Él sonrió, pero al instante reprimió la sonrisa para que no pensara que se estaba burlando de ella.

-Teniendo en cuenta el riesgo que corrías de ser maldecida o algo semejante, ¿puedo atreverme a decir que eso suena extrañamente altruista?

Ella se volvió de improviso y lo miró con aire feroz. Abrió la boca y luego la cerró; incluso a la luz de la Luna él pudo darse cuenta sin lugar a dudas de que había enrojecido.

-No lo he dicho con intención de herirte -añadió él enseguida-. De verdad, Jaelle.

Tengo una ligera idea de lo que ha significado para ti hacer esto.

El rubor se desvaneció poco a poco. Con los rayos de la Luna sus cabellos brillaban con un extraño y sobrenatural color rojo. También brillaba la diadema. Dijo simplemente:

-No creo que puedas tenerla, ni siquiera tú, Pwyll.
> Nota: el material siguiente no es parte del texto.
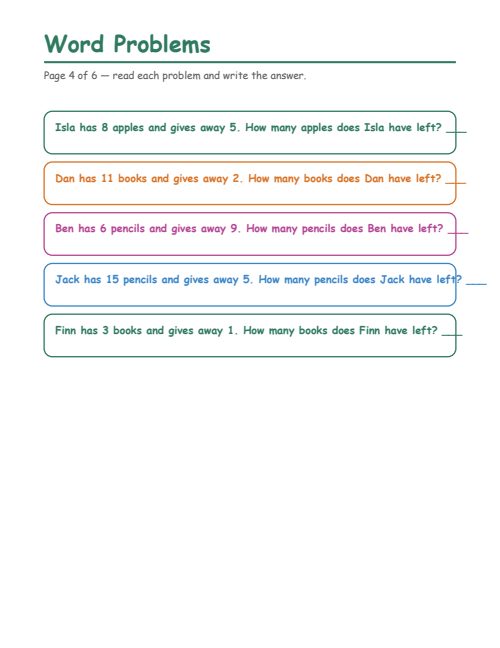 Word Problems, page 4
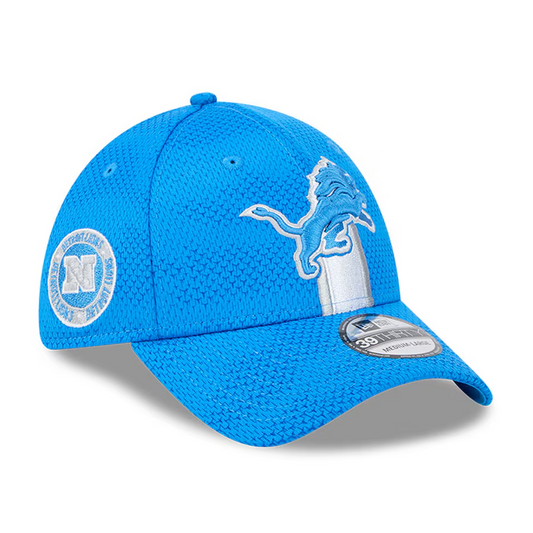 DETROIT LIONS 2024 NFL SIDELINE 39THIRTY FLEX FIT HAT - BLUE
-Entonces cuéntamelo -dijo él-. Cuéntale algo a alguien, Jaelle.

Se sorprendió ante la intensidad de su propia voz.

-¿Eres tú el más apropiado para aconsejarme eso?

Se calló con aire pensativo. Pero luego, como él seguía guardando silencio, añadió más despacio y con una voz diferente:

-Designé a alguien para que actuase en mi nombre, pero no respeté los modelos de la sucesión al hacerlo.